Sleep Apnea, Hearing Loss, and Thick Blood

I came across this interesting article in Sleep Medicine, where they showed that in patients with obstructive sleep apnea, a significant number were hemodynamically hyperviscosity positive (282/610 patients). Hyperviscous means that blood is thicker and more prone to clog arteries. Of these 282 patients, 239 had brainstem AEP abnormalities. AEPs are tests for ear neurologic reflexes where clicks are given in one ear and brain waves are measured in response. It tests for inner ear and brainstem function.

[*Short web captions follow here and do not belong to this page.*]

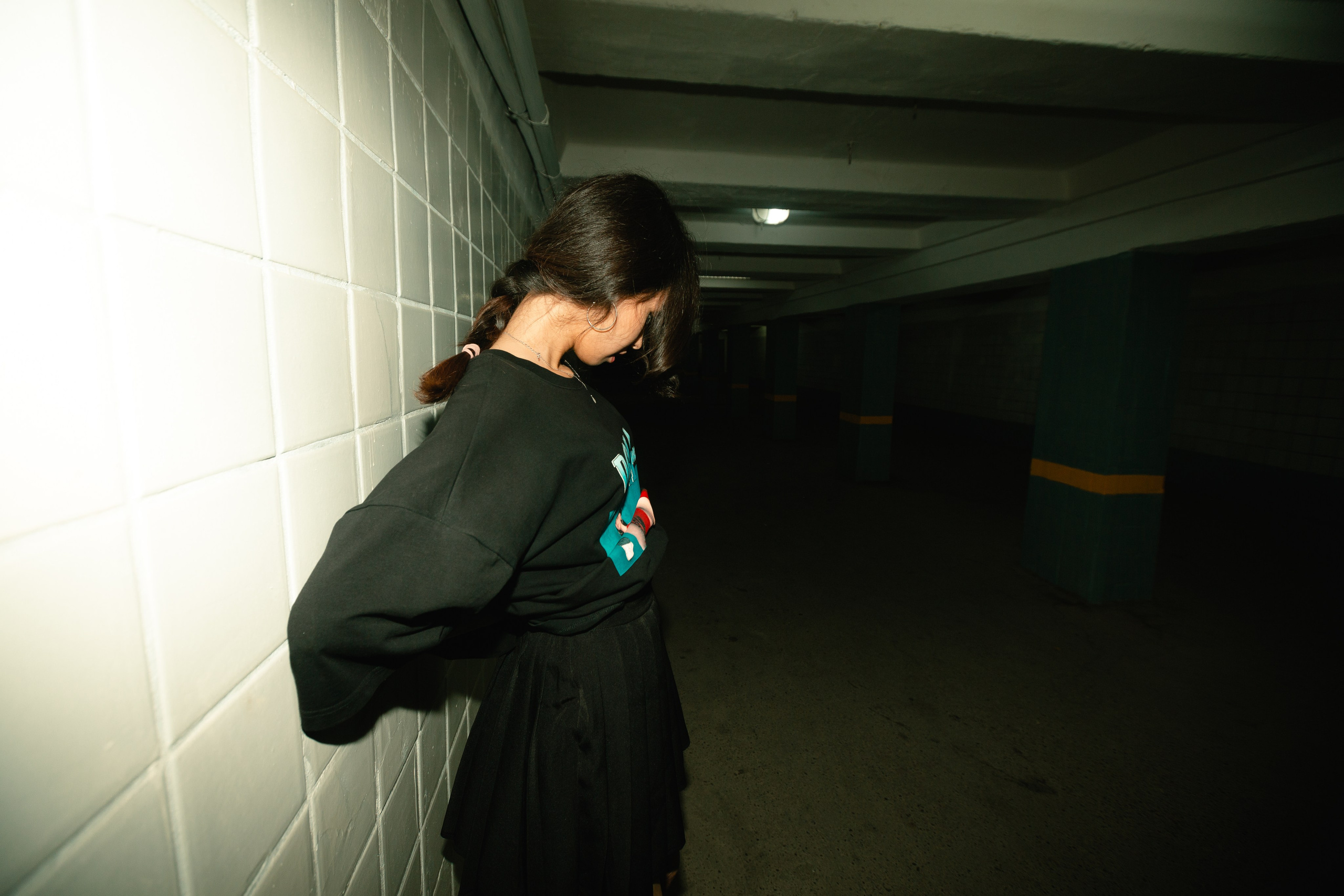 Ирода. Евгений Матвеев — фотограф в Санкт-Петербурге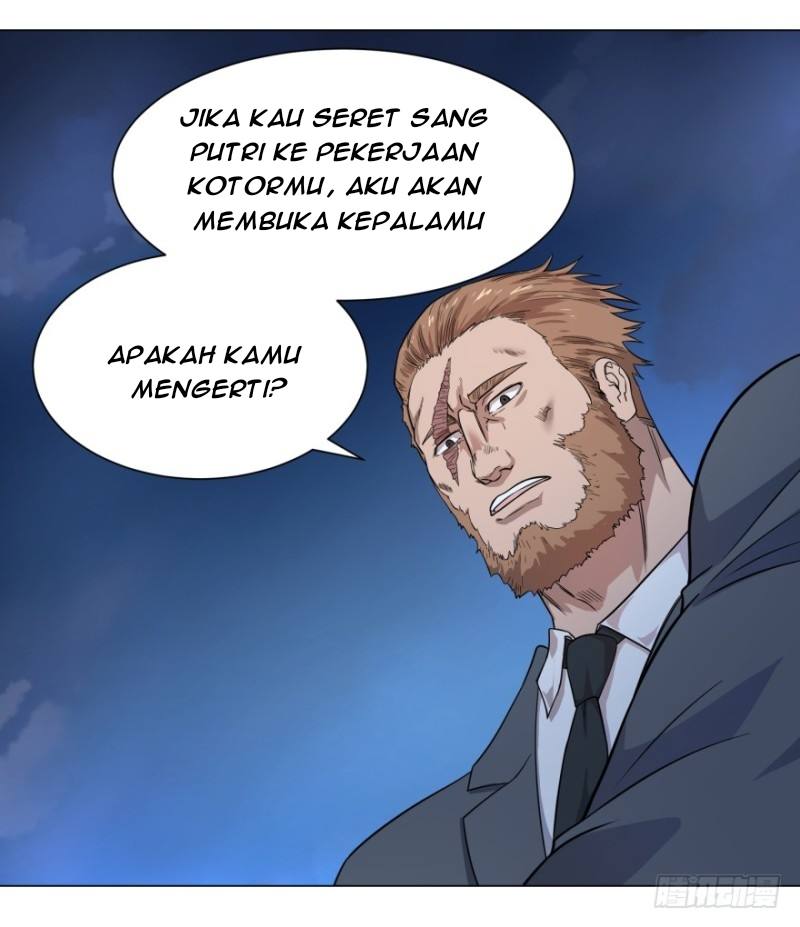 List of Big Villians Chapter 46 Gambar 22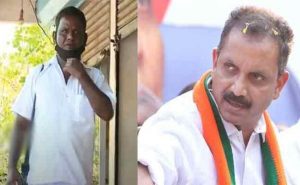 Read more about the article സുന്ദര, എന്തു വെളിപ്പെടുത്തൽ, 50 ലക്ഷമല്ല അഞ്ചു കോടിയാണ്, നിങ്ങൾക്കു നാണമില്ലേ ചോദിക്കാൻ; മാധ്യമപ്രവർത്തകരുടെ ചോദ്യത്തിൽ ക്ഷുഭിതനായി കെ.സുരേന്ദ്രൻ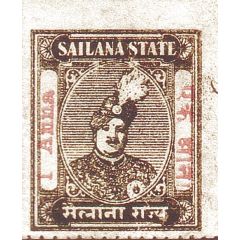 1 Anna WWII Cash Coupon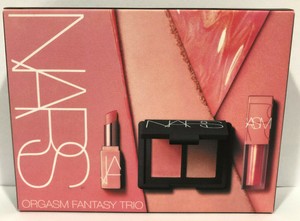 Nars multiple orgasm set i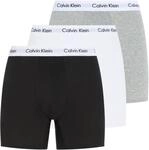 Calvin Klein Underwear Boxer "BRIEF 3 PACK" 3 Stk. mit l&auml;ngerem Bein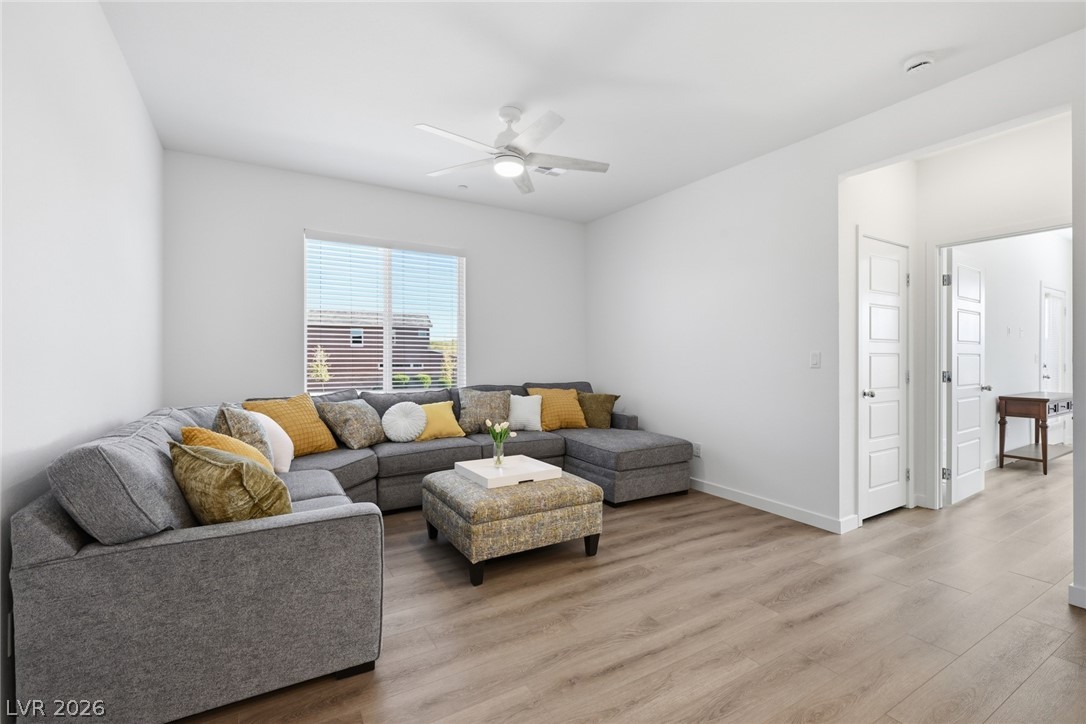 2567 Venetia Pointe Street Henderson, NV 89044 - Photo 22 of 39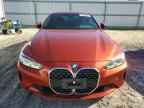 2021 BMW 4 Series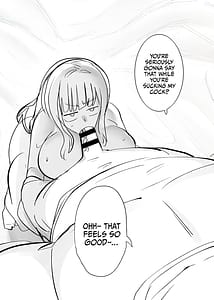 Page 8: 007.jpg | Jigoku ni Ochiyou ne 2 | View Page!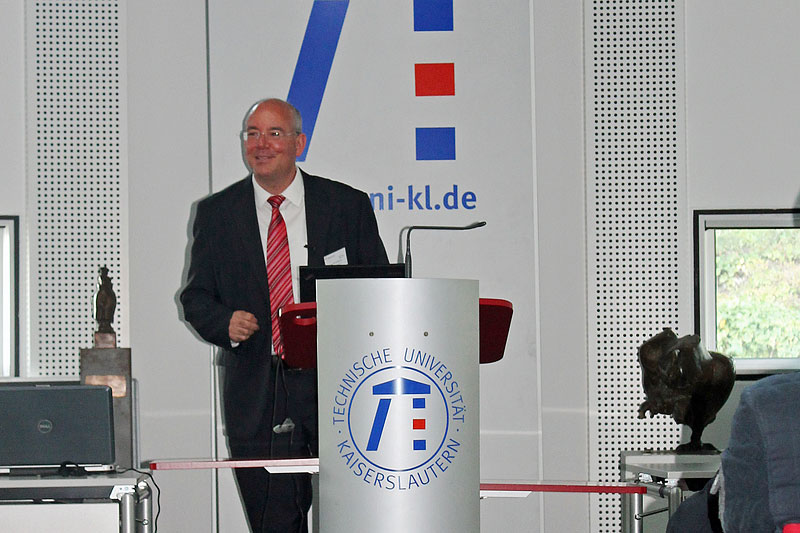 2. BIM-Symposium, Kaiserslautern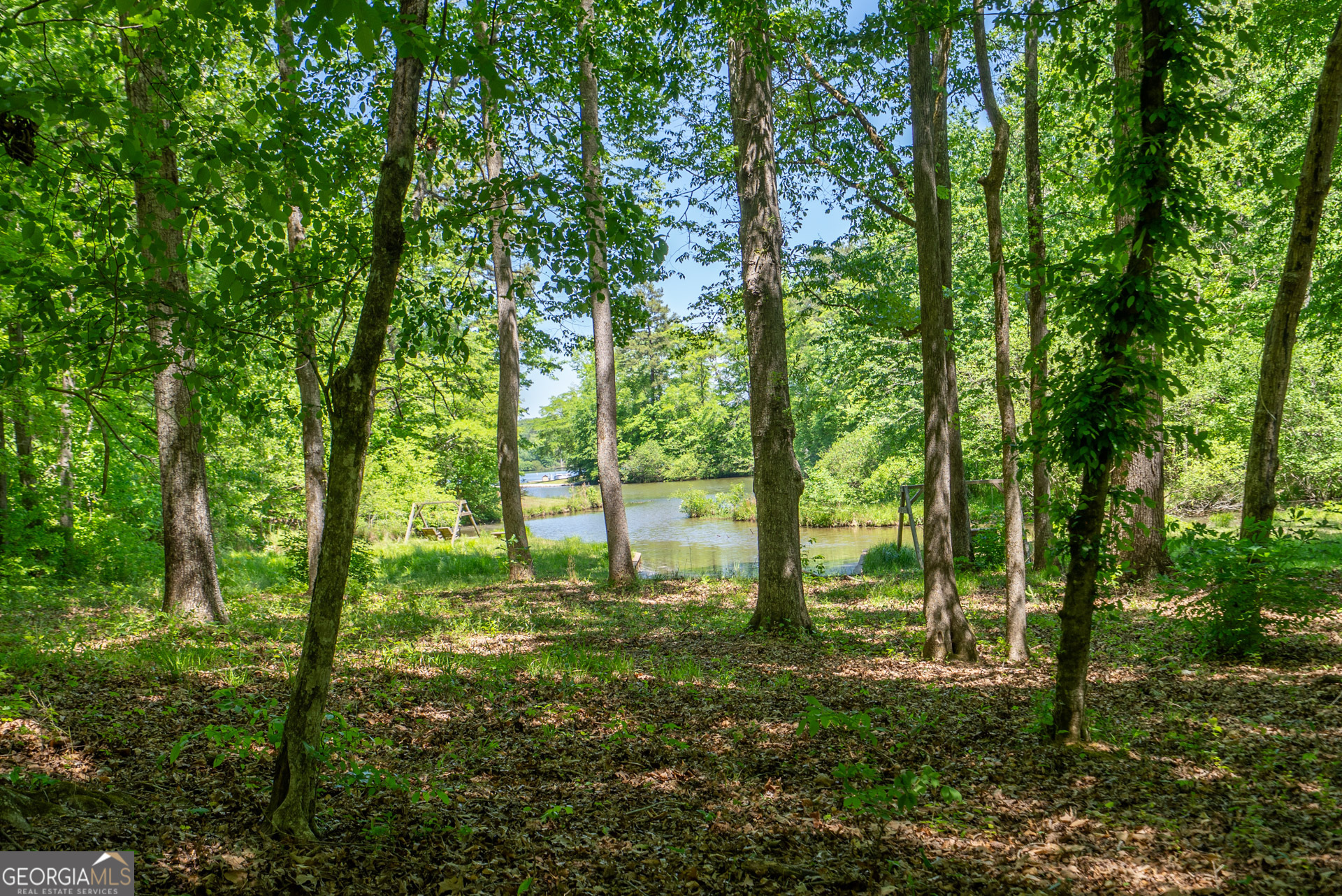 1491 Swords Trail Buckhead GA 30625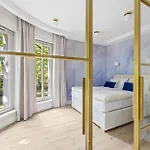 Na Wydmach By Oneapartments Apartment *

Ones that didn’t have hyperviscosity all had normal AEPs. Of these 239 patients, 57 had bilateral sensorineural hearing changes (no waves at all), and 182 patients had significant bilateral signal changes. After 6 months of CPAP, hyperviscosity was normalized in 159 patients. In 112 of these 159 patients a repeat AEP became normal. Of the 80 patients on CPAP that did not normalize, hemodilution therapy resulted in normalization in 61 patients. Hemodilution is when blood is made thinner by removing some blood and adding some saline.

This paper talks about bilateral conditions but also brings up the possibility of unilateral sudden sensorineural hearing loss being explained by this mechanism. It’s in line with my personal observation that every patient that I see with sudden sensorineural hearing loss has a history and exam consistent with an underlying sleep-breathing disorder. The handful that agreed to undergo sleep studies showed significant obstructive sleep apnea in all cases. I think the implications of this paper are enormous.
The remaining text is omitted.